SOURCE MATERIAL section start

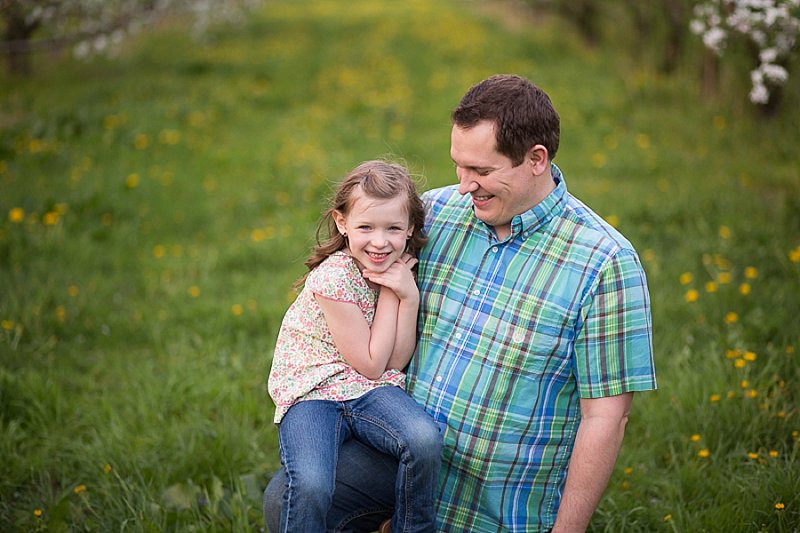 Family photos in Lindsey's Apple Orchard in Rexford New York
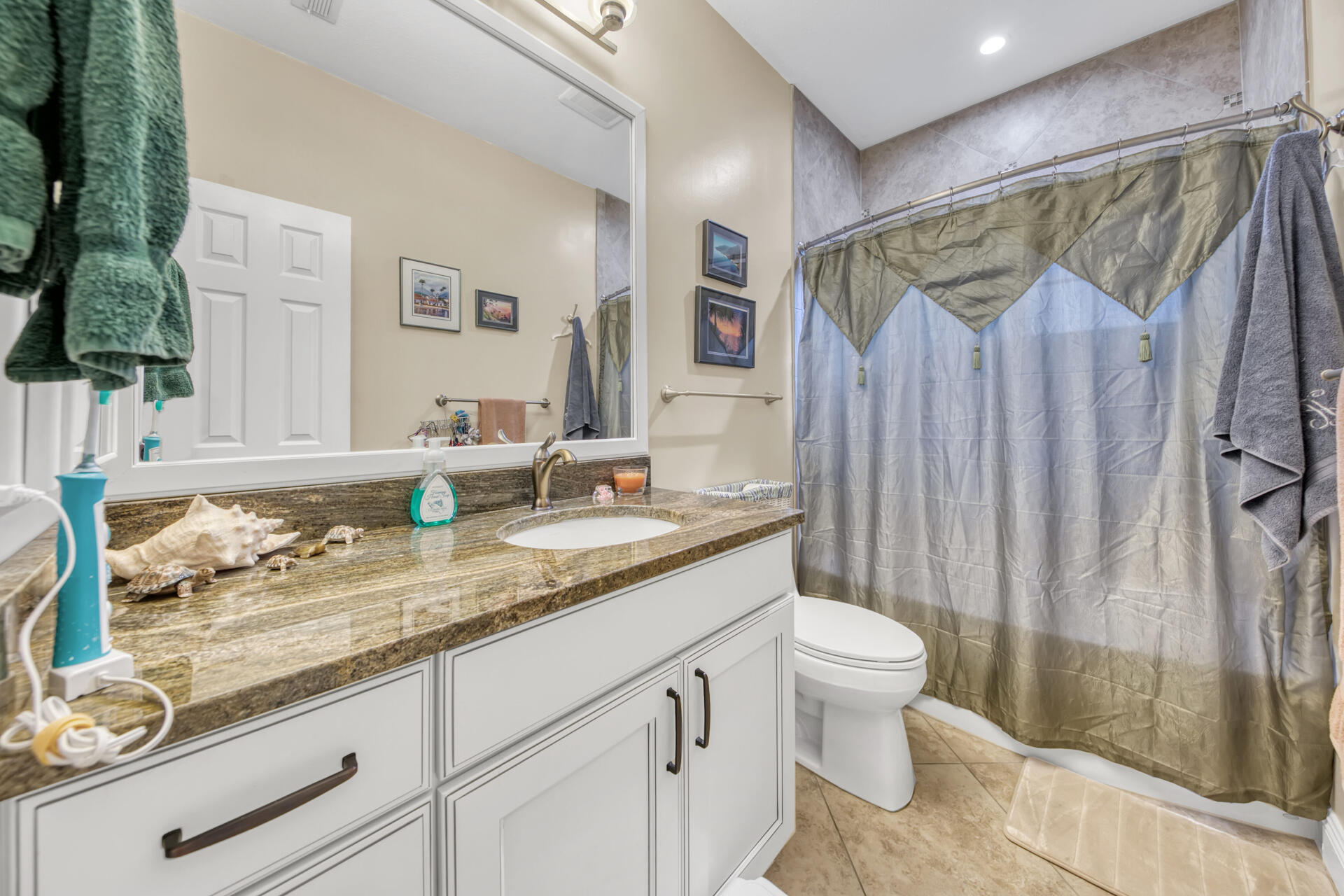 LAKE POINTE - Residential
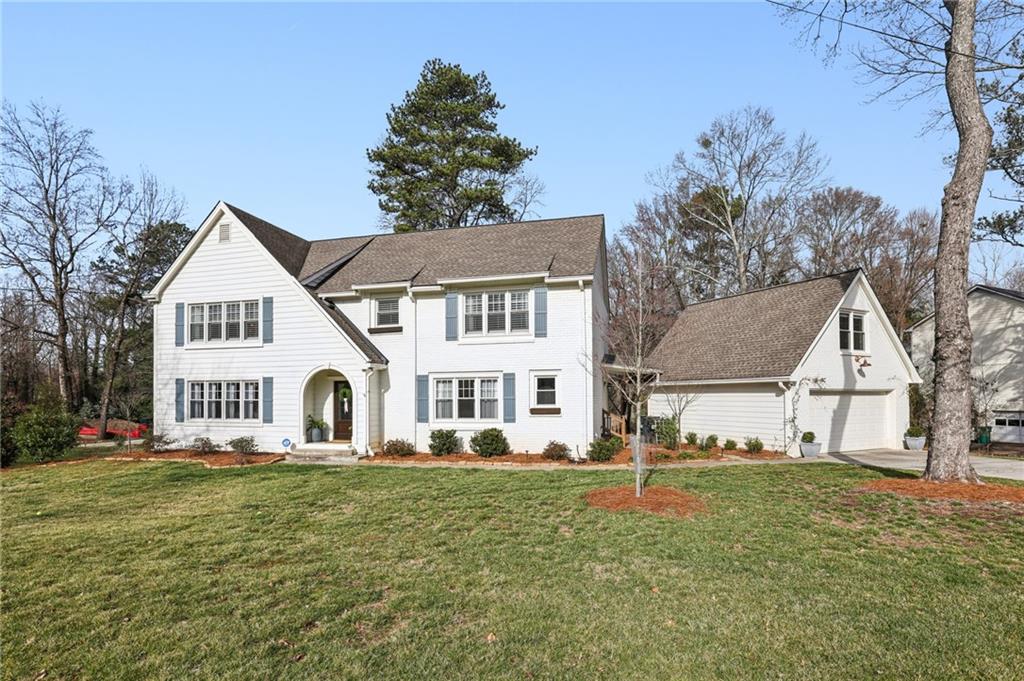 6785 Hunters Trace Circle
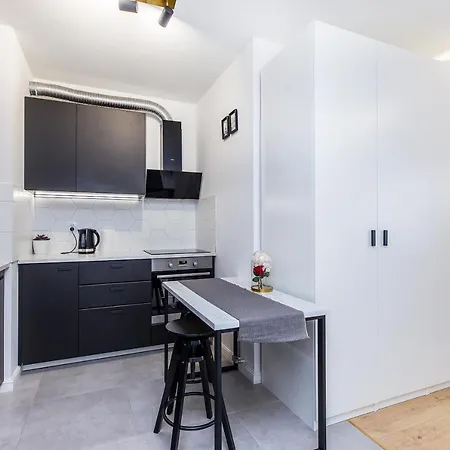 Apartment Cloud9 - Barska 69 *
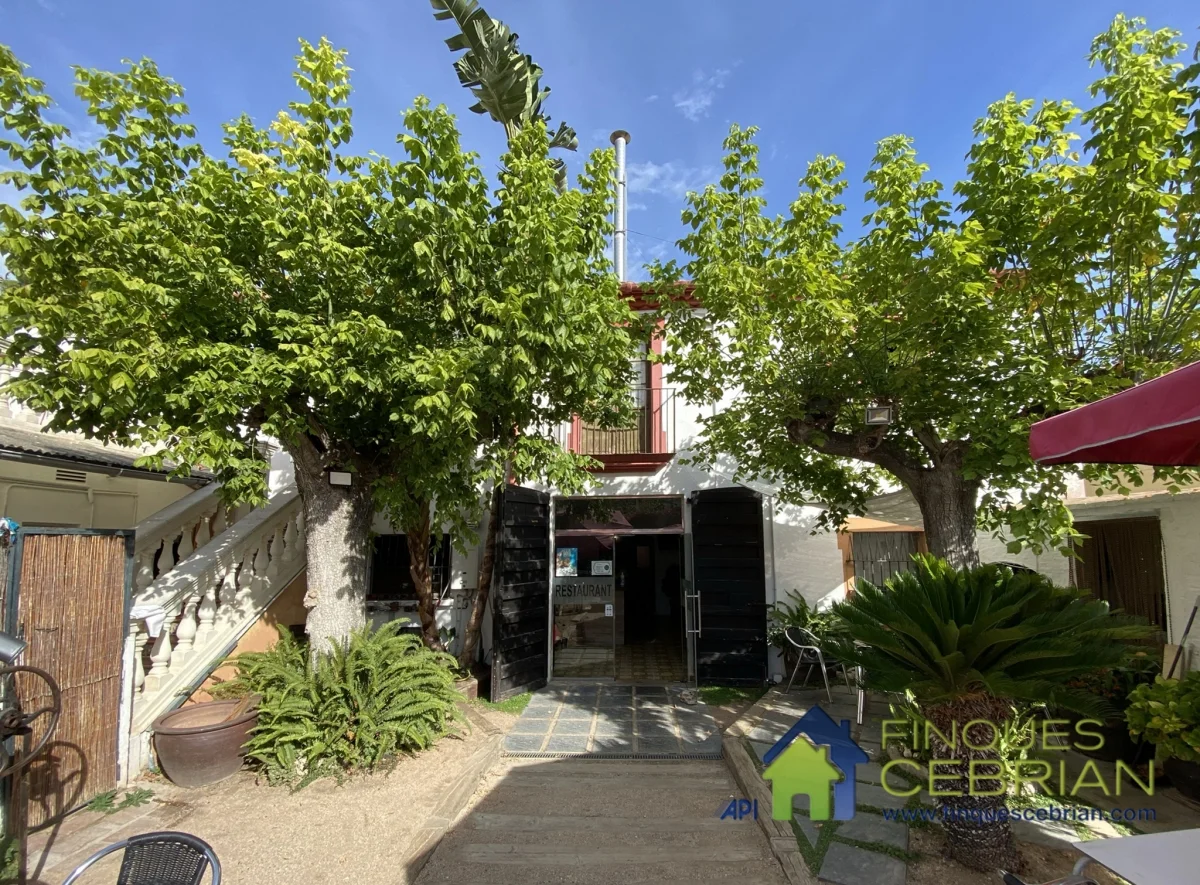 Casa en Alella con restaurante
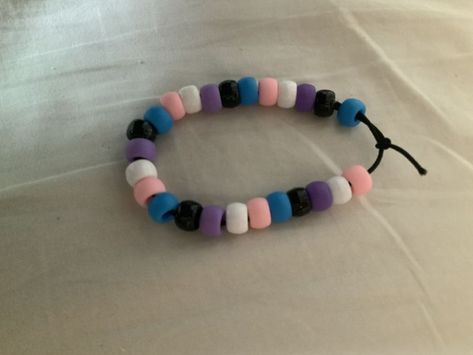 Gender Fluid Accessories, Gender Fluid Bracelet, Gender Fluid Aesthetic, Dibujos Ideas, Diy Kandi, Kandi Ideas, Gender Fluid, Necklace Ideas, Magic Shop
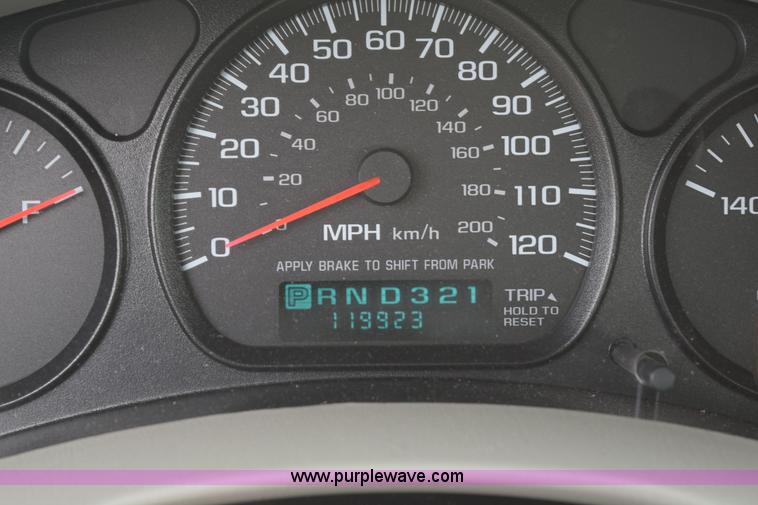 image for item K8823 2005 Chevrolet Impala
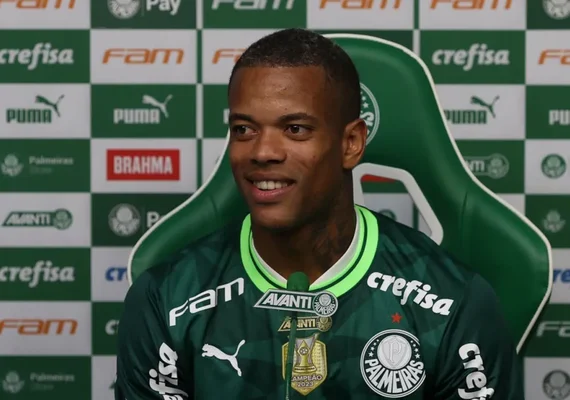 Caio Paulista destaca intensidade nos treinos do Palmeiras: 'Realizar todos os processos'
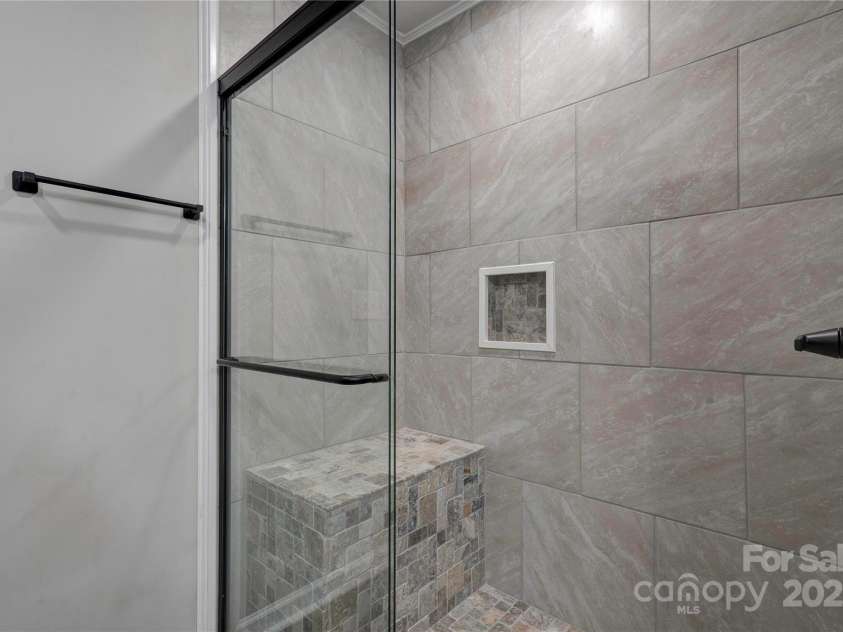 108 Spiral Lane, Shelby, NC 28152.  MLS# CAR4231085, YatesRealty ID 9004. Primary Bathroom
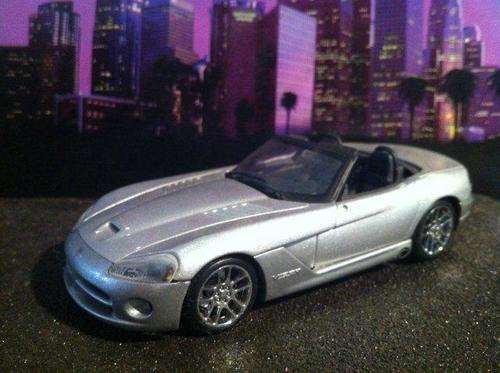 Autoart Dodge Viper die cast model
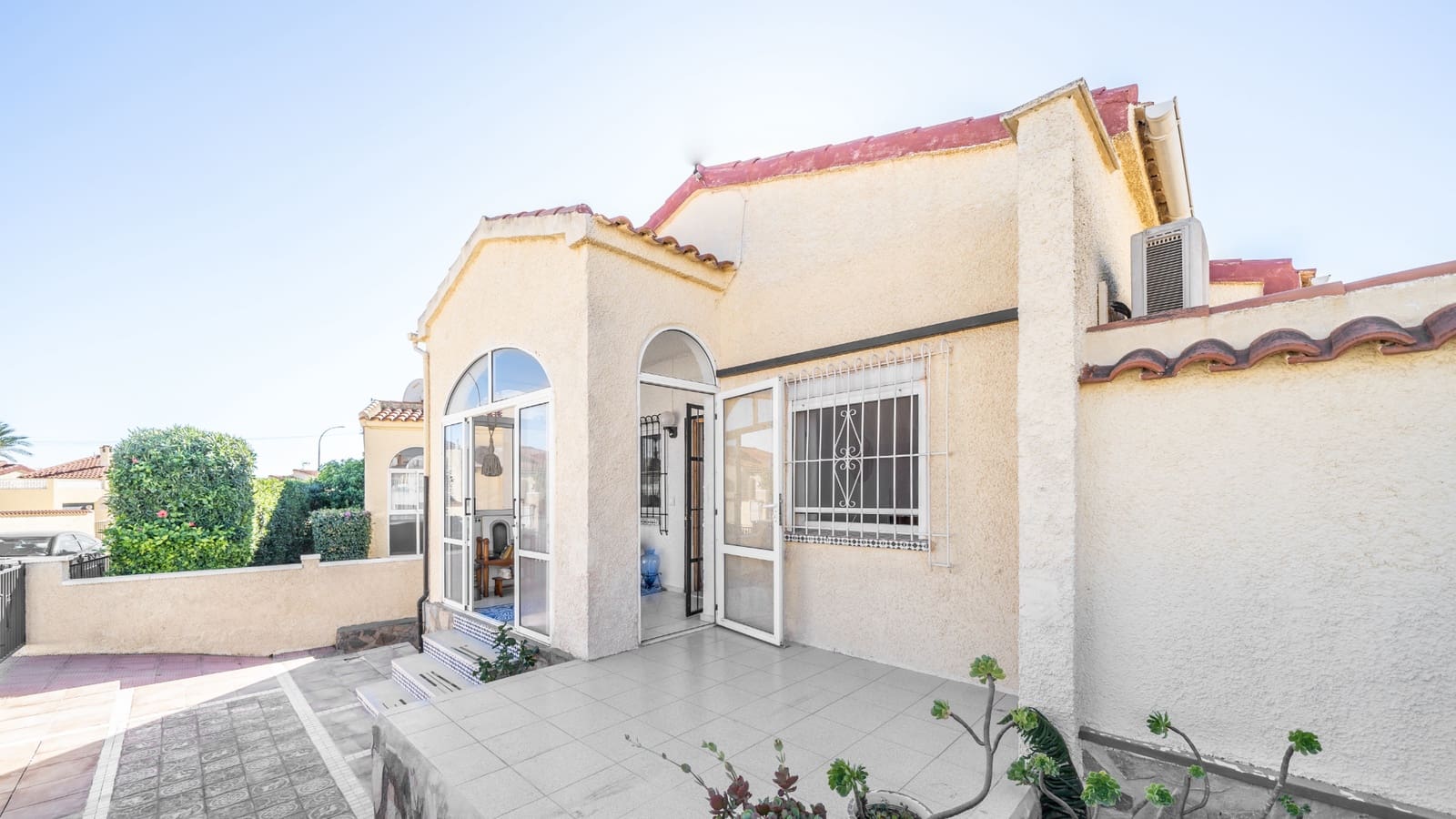 3 bedroom Villa for sale in La Marina, Elche / Elx with pool garage € 185,000 (Ref 7905655)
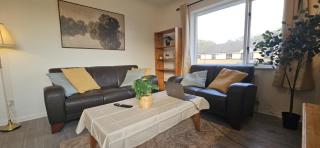 London W4, Chiswick 2 Bed 2 Bath Flat, 2 Parking Spaces - 2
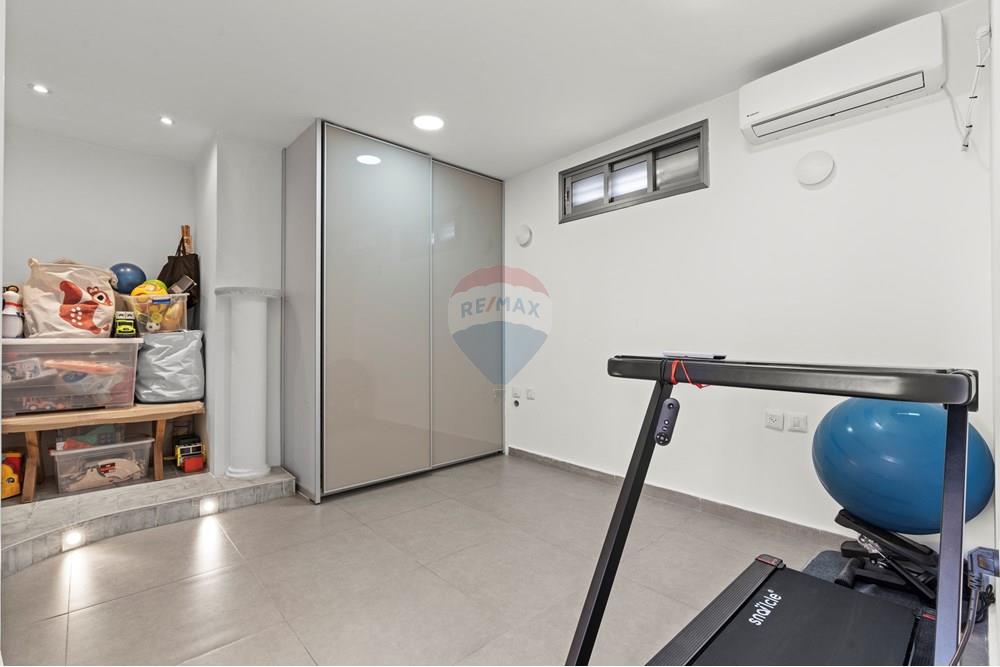 Apartment for Sale in Rishon LeZion - Image 7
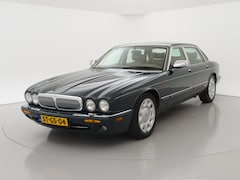 Daimler Super V8 - 4.0 364 PK SUPERCHARGED AUT. *ORIG. NL* + SCHUIFDAK / LEDER / STOELVERW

SOURCE MATERIAL section end

**ASSIGNED TASK:**
All pictures must be left out. Reproduce exactly the lines from the one containing "London W4, Chiswick" to the final line of the entries.

**OUTPUT OF THE TASK:**
 London W4, Chiswick 2 Bed 2 Bath Flat, 2 Parking Spaces - 2
 Apartment for Sale in Rishon LeZion - Image 7
 Daimler Super V8 - 4.0 364 PK SUPERCHARGED AUT. *ORIG. NL* + SCHUIFDAK / LEDER / STOELVERW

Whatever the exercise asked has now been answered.